* **Problem**: Your reply should contain nothing except the lines from the one with "depicting significant ..." through the end of the listing below, reproduced exactly and stripped of pictures.

* **Data for the task**:
▼

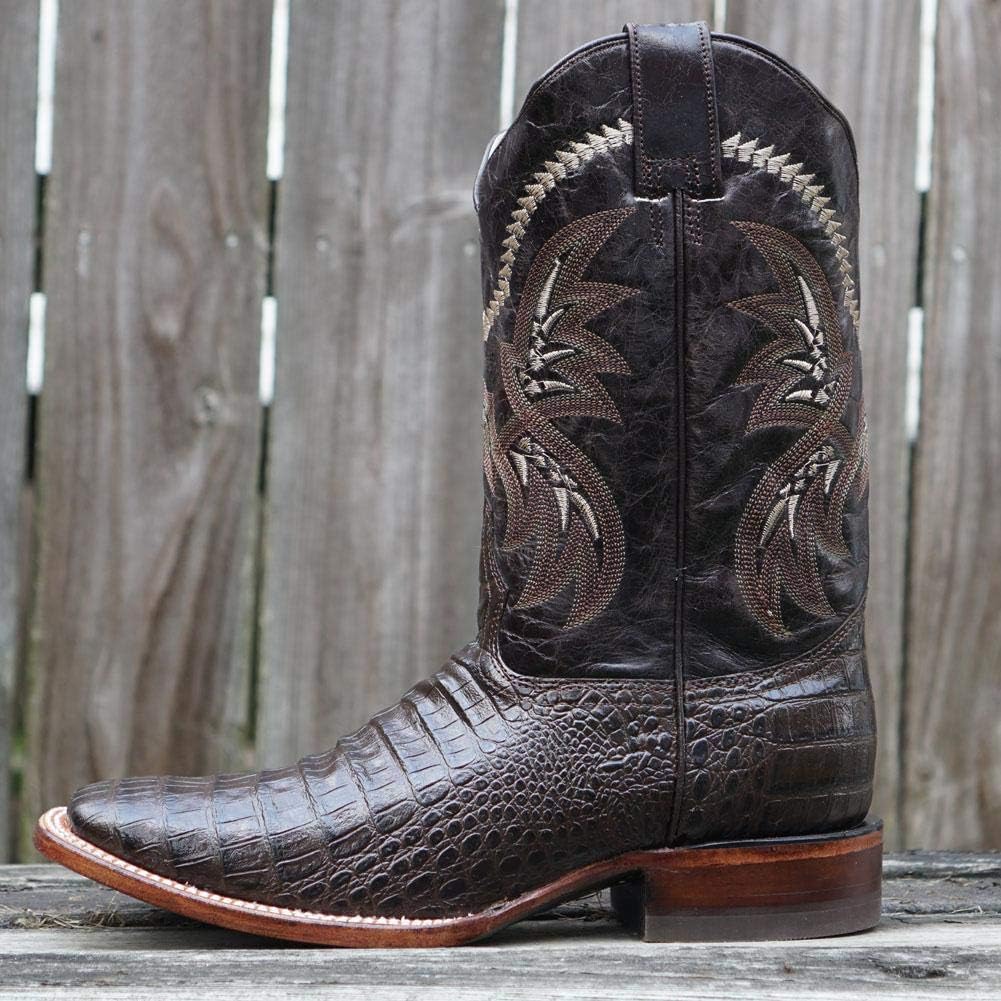 Soto Boots Men's Caiman Belly Print Cowboy Boots H4001 - Image 9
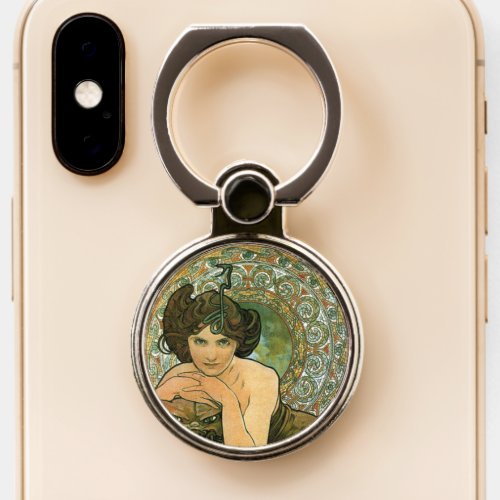 Vintage Green Emerald Temptress Art Nouveau Mucha Phone Ring Stand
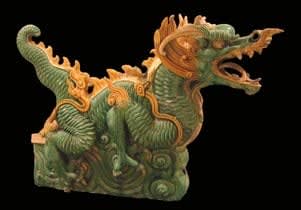 Ming Glazed Terracotta Architectural Sculpture of a Dragon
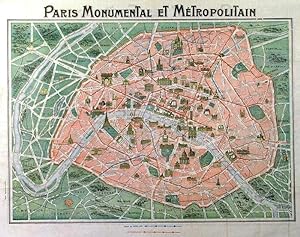 PARIS MONUMENTAL ET METROPOLITAIN. Plan of Paris with numerous vignettes depicting significant ...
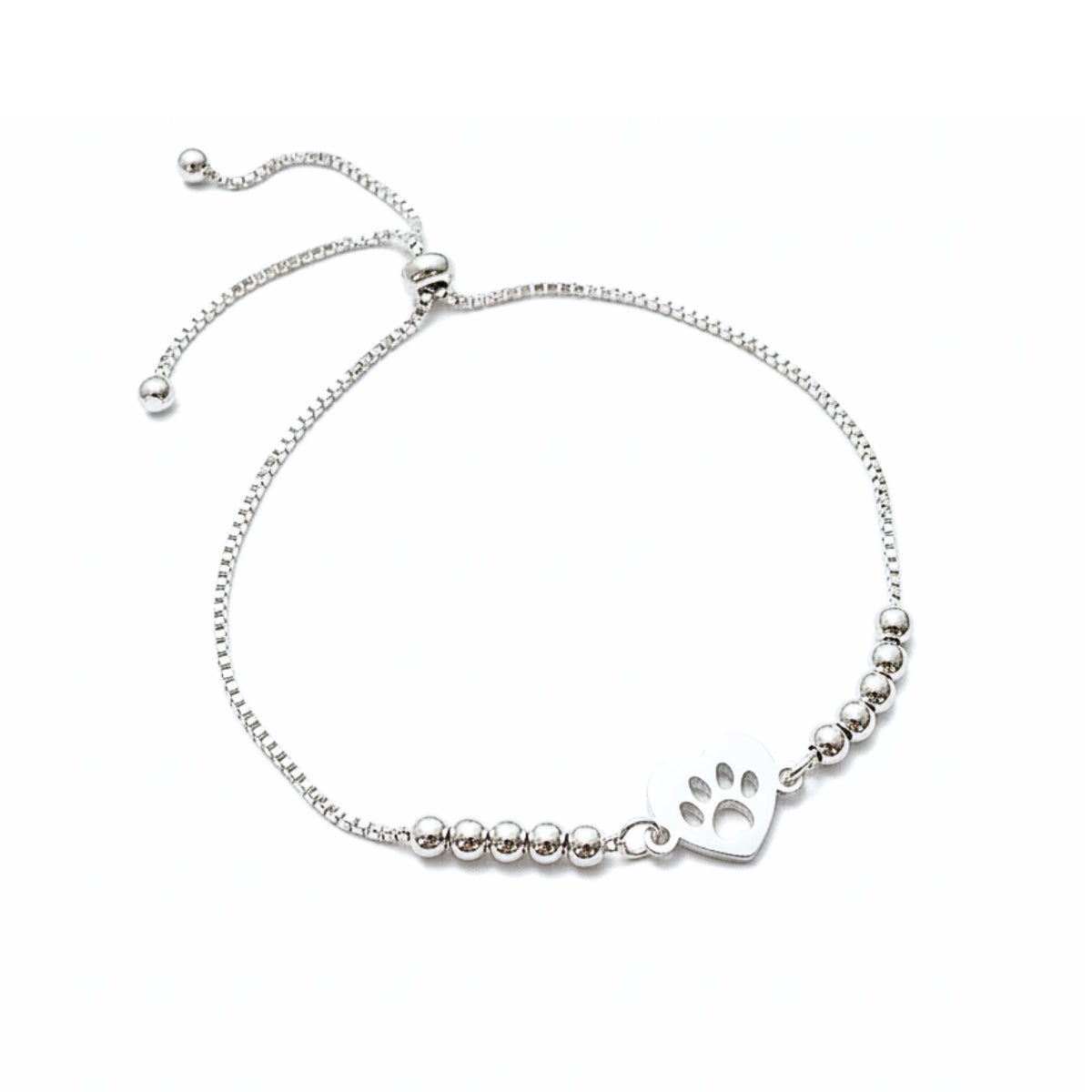 Pulsera de Plata 925 con placa, diseño de huellita de mascota, regulable de AMBAR joyeria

▲

* **Solution for this exercise**:
 PARIS MONUMENTAL ET METROPOLITAIN. Plan of Paris with numerous vignettes depicting significant ...
 Pulsera de Plata 925 con placa, diseño de huellita de mascota, regulable de AMBAR joyeria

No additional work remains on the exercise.